Rochester III
Feb. 29th, 2004 12:37 amUniversity of Rochester has the largest laser in the world, and by 'largest' they're referring primarily to it being the most powerful but it's got to be competitive on the basis of physical size as well. An initial infrared pulse propages through the laser medium, repeatedly amplified and split. By the end of the arrangement, 60 beams simultaneously converge on a 1 mm pellet of tritium and deuterium ice inside a small plastic bubble. The purpose is to induce thermonuclear fusion.
This is used to experimentally reproduce the conditions inside stars, bringing "laboratory astrophysics" from an oxymoron to a major area of research. The other big point is of course fusion for power production. Fusion produces enough energy to cover the cost required to electrolyze water into hydrogen and oxygen, and then to sort the hydrogen into its isotopes, and also to power the laser beams that ignite the fusion reaction. It's not too much of a stretch to say that you burn seawater to produce helium and oxygen and huge amounts of energy.
I think Buckminster Fuller would be proud. He was the canonical futurist, and insisted that technology could be used to provide for the needs of all people on earth. Strictly speaking, fusion is not a renewable energy source; at first glance, burning water (a precious substance necessary for life) seems full of folly. But as 1 km^3 of water contains as much energy as all the known oil in the world, it doesn't seem there's much cause for worry. Fusion seems to be the only 'clean' energy source, although one might do well to not prognosticate with excessive optimism — nuclear fission was promised to produce energy 'too cheap to meter,' but instead it has been one of the most costly endeavors ever undertaken.
But it seems Fusion would be clean, and, suprisingly, at center of it (in a quite literal way), is technology invented and championed by Buckminster Fuller. It's necessary to implode the fusion fuel with utmost uniformity, blasting it evenly from as many angles as possible. It turns out that the geometric arrangements permitting this are exactly the configurations we know as 'geodesic domes,' with the beams entering from each vertex.
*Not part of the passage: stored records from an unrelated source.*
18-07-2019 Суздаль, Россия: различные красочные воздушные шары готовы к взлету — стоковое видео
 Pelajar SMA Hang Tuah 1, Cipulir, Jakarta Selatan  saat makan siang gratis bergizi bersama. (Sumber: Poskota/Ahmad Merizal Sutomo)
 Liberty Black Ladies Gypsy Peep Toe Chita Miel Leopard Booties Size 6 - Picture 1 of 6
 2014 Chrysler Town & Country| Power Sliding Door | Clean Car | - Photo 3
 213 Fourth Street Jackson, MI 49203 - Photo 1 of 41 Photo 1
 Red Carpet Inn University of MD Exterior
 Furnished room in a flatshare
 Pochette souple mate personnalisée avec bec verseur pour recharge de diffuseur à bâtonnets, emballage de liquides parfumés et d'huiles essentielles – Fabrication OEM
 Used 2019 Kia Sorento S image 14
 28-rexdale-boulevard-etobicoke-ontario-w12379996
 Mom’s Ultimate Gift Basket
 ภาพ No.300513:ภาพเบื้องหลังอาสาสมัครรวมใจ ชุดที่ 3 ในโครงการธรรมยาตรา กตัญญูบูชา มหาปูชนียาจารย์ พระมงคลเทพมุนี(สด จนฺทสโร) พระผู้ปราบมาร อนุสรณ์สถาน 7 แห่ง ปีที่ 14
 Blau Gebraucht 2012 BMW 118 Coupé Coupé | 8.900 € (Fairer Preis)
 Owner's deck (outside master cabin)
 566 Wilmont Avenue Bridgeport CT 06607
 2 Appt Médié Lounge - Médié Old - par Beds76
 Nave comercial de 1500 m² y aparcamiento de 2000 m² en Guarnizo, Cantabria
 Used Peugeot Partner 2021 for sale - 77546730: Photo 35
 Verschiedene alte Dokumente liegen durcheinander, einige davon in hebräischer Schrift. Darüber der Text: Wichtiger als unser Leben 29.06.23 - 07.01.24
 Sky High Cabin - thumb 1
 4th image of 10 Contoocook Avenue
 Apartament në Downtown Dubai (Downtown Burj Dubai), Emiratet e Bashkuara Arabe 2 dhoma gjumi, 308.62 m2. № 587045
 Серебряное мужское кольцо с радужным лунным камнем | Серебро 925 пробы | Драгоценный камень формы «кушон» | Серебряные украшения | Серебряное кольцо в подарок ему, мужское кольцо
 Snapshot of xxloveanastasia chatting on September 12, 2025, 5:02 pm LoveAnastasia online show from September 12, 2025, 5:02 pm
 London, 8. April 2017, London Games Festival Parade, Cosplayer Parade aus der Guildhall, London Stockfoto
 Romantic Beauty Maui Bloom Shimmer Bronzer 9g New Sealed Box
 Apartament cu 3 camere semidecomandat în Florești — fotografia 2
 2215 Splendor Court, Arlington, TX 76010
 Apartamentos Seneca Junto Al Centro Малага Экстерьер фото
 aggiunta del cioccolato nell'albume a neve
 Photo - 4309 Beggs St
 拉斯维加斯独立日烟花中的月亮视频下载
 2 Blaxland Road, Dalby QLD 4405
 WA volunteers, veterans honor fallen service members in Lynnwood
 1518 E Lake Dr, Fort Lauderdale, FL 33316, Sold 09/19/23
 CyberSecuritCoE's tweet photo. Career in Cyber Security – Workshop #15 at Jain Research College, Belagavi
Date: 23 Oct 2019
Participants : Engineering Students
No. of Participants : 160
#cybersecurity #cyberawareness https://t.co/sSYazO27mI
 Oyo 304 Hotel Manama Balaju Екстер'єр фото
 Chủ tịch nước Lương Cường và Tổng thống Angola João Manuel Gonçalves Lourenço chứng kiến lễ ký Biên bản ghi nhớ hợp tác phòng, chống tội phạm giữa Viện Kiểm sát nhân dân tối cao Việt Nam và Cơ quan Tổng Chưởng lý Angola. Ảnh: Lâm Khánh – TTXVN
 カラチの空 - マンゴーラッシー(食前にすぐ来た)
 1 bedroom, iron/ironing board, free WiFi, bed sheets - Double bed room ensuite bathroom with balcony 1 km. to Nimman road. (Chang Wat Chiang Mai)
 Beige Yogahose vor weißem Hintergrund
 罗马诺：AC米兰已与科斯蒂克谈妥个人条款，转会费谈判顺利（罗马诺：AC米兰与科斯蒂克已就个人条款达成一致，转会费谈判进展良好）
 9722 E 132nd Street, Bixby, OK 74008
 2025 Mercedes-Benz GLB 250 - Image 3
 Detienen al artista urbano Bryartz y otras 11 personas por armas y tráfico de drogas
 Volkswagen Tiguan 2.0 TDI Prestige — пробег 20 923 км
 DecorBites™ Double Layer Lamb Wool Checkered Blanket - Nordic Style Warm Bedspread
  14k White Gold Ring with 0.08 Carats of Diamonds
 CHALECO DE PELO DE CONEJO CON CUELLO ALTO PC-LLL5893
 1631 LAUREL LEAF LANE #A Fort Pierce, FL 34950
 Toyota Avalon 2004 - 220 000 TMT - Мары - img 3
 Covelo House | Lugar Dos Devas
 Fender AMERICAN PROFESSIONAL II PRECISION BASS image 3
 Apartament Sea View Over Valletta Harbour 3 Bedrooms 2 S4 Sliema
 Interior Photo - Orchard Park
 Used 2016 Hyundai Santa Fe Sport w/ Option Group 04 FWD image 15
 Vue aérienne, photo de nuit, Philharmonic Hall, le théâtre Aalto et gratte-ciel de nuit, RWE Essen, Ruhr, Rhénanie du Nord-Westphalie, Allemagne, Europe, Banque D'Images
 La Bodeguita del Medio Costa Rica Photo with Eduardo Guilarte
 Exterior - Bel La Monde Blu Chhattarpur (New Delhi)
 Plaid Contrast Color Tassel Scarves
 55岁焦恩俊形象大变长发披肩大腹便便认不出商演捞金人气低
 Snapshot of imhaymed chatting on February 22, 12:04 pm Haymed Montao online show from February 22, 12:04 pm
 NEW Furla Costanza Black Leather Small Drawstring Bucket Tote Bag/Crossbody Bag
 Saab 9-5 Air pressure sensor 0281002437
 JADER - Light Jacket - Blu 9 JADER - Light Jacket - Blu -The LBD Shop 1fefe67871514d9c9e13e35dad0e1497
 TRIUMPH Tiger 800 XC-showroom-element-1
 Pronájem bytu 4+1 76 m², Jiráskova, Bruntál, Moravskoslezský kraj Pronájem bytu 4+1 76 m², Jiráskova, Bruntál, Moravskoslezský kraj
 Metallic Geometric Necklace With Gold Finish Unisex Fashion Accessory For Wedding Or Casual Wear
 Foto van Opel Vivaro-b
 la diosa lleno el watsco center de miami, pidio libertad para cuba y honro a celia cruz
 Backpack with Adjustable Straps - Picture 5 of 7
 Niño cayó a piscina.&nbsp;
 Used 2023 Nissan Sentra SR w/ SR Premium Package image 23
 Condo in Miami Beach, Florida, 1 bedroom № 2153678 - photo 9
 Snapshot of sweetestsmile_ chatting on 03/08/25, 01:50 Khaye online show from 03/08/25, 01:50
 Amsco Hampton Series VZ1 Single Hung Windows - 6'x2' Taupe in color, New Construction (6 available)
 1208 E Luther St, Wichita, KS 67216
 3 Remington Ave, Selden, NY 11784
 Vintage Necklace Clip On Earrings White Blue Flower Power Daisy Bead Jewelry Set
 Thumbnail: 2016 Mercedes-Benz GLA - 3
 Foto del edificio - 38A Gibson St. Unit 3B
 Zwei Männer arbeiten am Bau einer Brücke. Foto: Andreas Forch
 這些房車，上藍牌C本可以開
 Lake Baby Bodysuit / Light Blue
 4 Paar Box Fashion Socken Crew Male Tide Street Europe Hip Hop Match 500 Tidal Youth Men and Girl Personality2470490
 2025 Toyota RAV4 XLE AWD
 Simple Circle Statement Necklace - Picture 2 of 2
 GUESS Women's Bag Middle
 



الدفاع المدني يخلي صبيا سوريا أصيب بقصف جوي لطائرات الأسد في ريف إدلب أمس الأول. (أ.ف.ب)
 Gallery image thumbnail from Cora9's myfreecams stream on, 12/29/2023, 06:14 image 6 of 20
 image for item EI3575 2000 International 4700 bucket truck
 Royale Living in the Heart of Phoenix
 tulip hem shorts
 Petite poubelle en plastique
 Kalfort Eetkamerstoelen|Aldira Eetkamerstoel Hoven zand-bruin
It gets better. The tritium-deuterium fuel must be held in place during the experimental set-up. Unfortunately almost any material will become excessively brittle at the super-cold temperatures required, approximately 18 Kelvin. But a substance has been found, and it's used to fix the fusion fuel into position at the center of this 60-vertex buckyball: the silk from a spider.
One of the lab directions jokingly cites this as evidence that Darwin was wrong. "Why would a Spider need silk that would function on Pluto?"